- [ABOUT THIS EXERCISE] In the entries that follow, the lines from the one with "curds + pulled pork!" through the one with "Büsten im Parcul" are the ones to write out, exactly and with both ends included. Nothing else should appear.

- [INFORMATION]
----------------
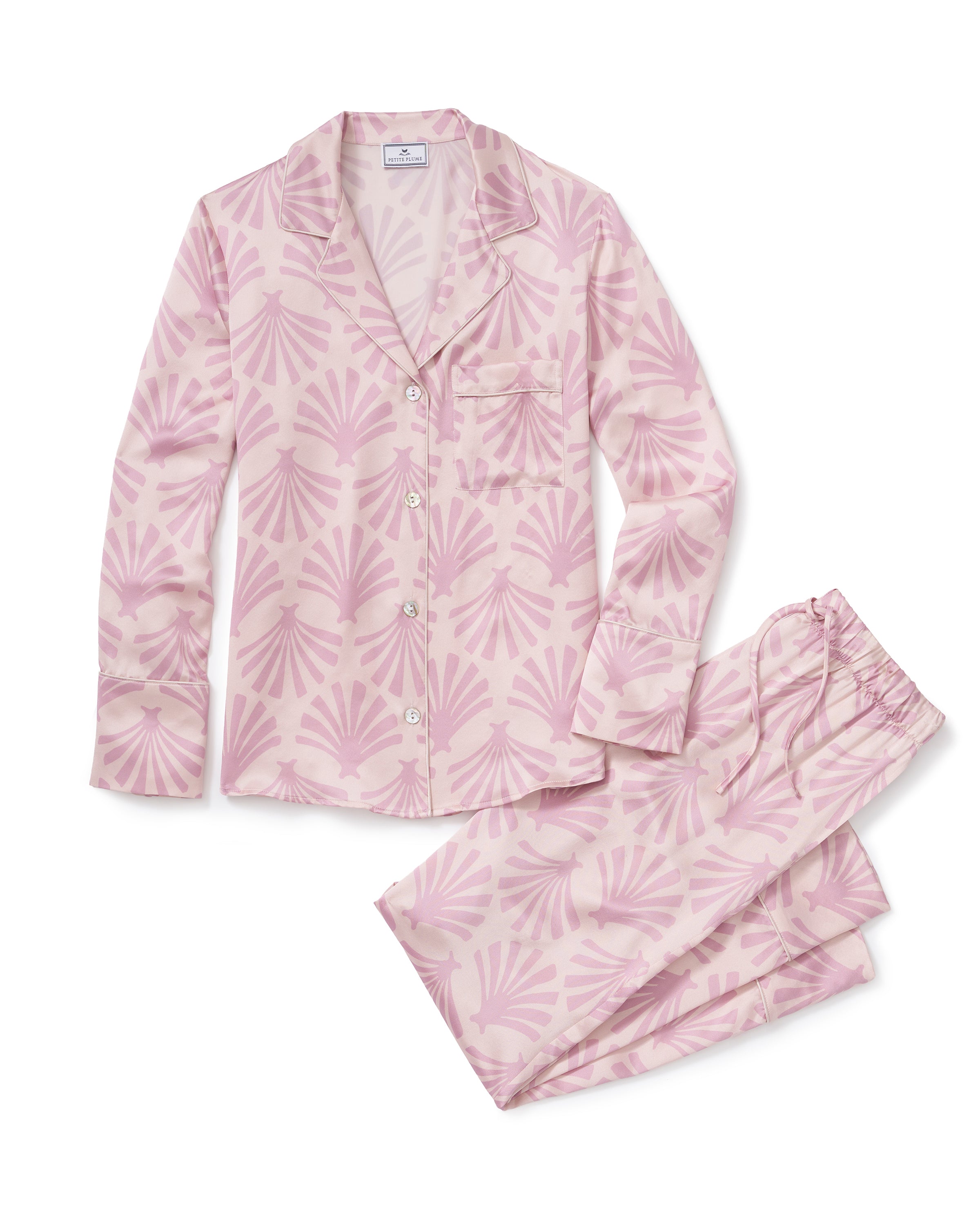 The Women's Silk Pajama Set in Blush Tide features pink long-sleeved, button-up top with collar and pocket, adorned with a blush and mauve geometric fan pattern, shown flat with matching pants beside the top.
----------------
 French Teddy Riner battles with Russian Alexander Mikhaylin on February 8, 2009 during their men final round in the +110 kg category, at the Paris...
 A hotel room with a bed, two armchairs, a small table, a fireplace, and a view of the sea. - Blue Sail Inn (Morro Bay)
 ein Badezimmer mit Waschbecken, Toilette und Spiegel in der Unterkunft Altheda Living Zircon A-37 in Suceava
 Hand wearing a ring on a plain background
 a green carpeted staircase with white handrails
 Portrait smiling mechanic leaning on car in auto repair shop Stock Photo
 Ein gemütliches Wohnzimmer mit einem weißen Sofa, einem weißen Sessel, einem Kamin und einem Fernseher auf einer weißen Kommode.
----------------
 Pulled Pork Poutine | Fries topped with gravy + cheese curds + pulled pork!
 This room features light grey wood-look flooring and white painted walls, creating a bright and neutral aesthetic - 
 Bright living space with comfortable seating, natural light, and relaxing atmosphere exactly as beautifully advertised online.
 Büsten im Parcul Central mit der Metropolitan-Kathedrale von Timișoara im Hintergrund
----------------
- [WRITTEN REPLY]
 Pulled Pork Poutine | Fries topped with gravy + cheese curds + pulled pork!
 This room features light grey wood-look flooring and white painted walls, creating a bright and neutral aesthetic - 
 Bright living space with comfortable seating, natural light, and relaxing atmosphere exactly as beautifully advertised online.
 Büsten im Parcul Central mit der Metropolitan-Kathedrale von Timișoara im Hintergrund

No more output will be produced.